Problem description: An exact copy of the listing below is required, minus its pictures.

Collected material: Begin

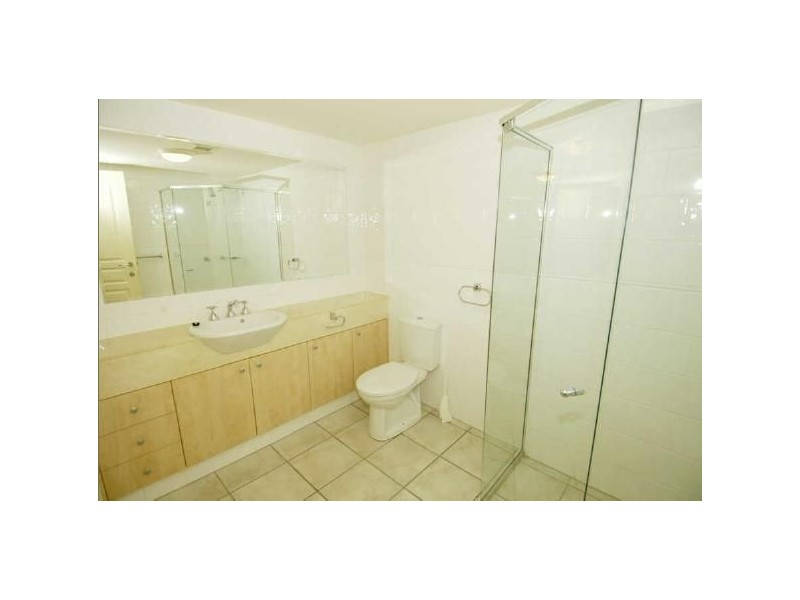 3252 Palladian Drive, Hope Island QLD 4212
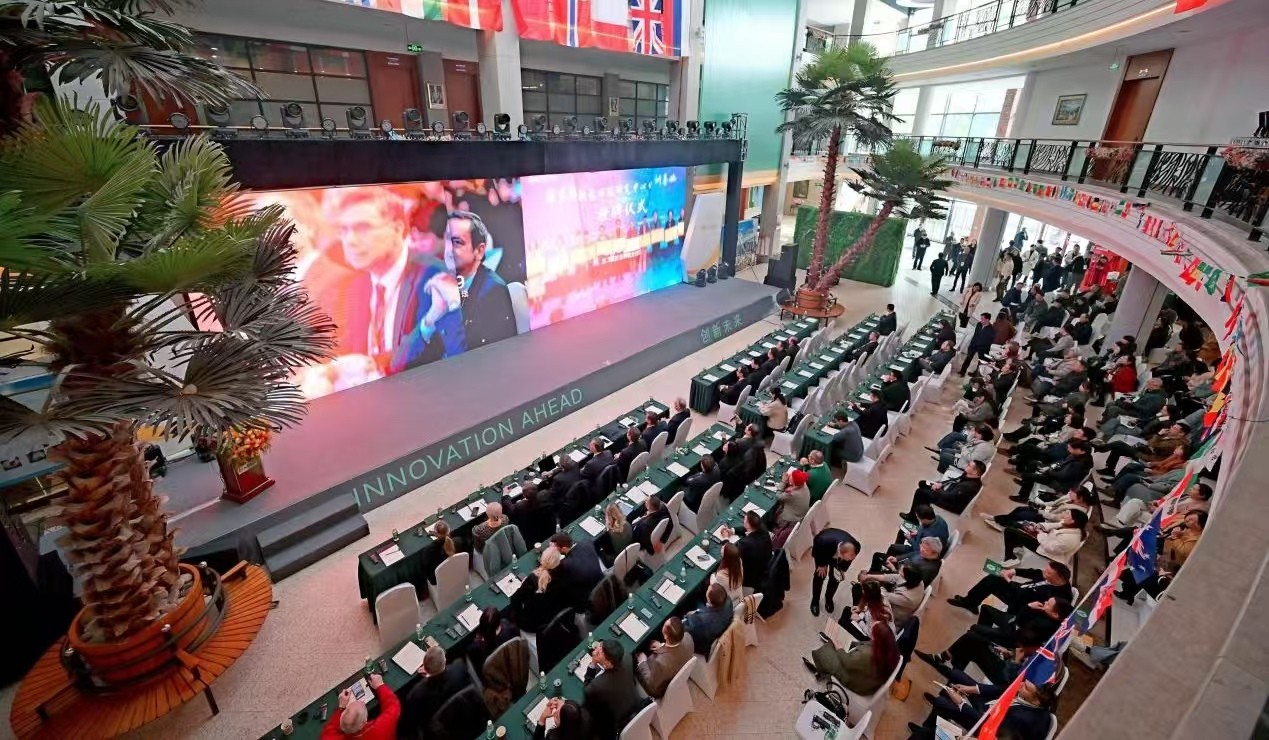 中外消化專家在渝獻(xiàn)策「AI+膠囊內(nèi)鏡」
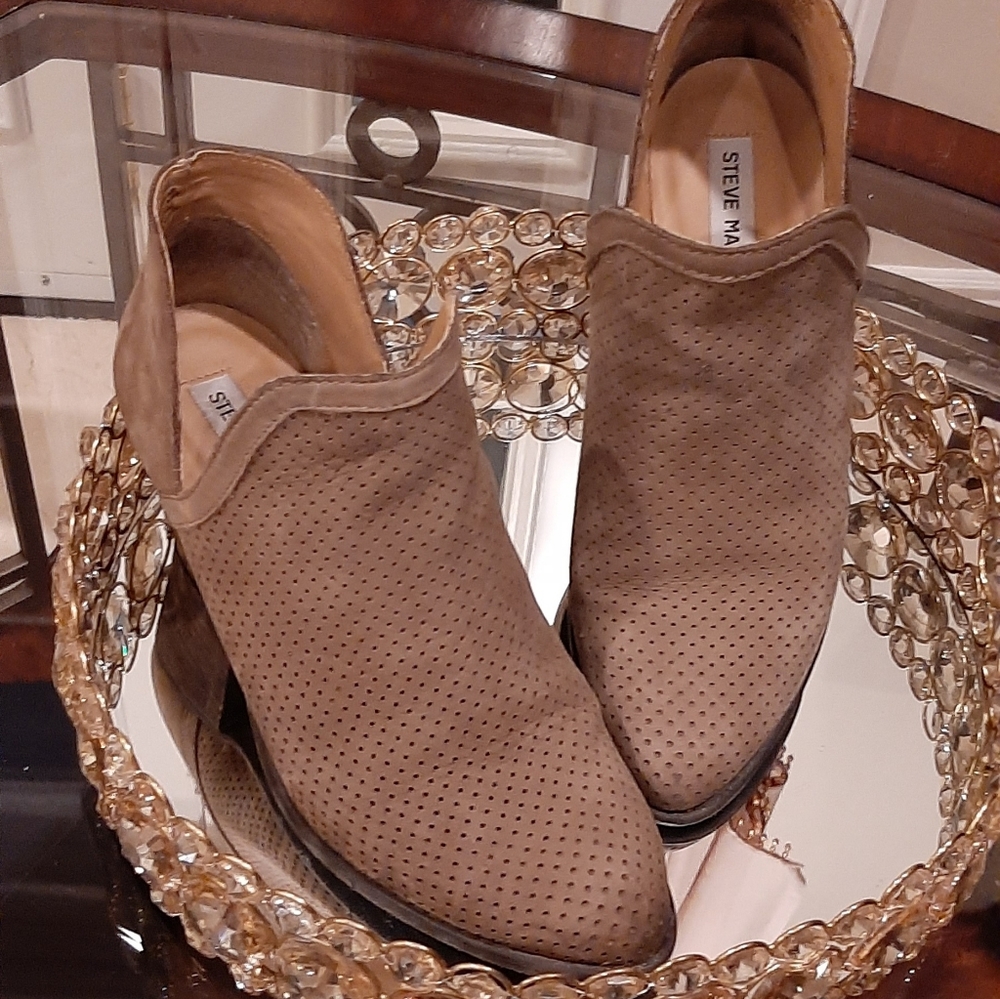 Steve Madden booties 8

Collected material: End

Result of the task:
 3252 Palladian Drive, Hope Island QLD 4212
 中外消化專家在渝獻(xiàn)策「AI+膠囊內(nèi)鏡」
 Steve Madden booties 8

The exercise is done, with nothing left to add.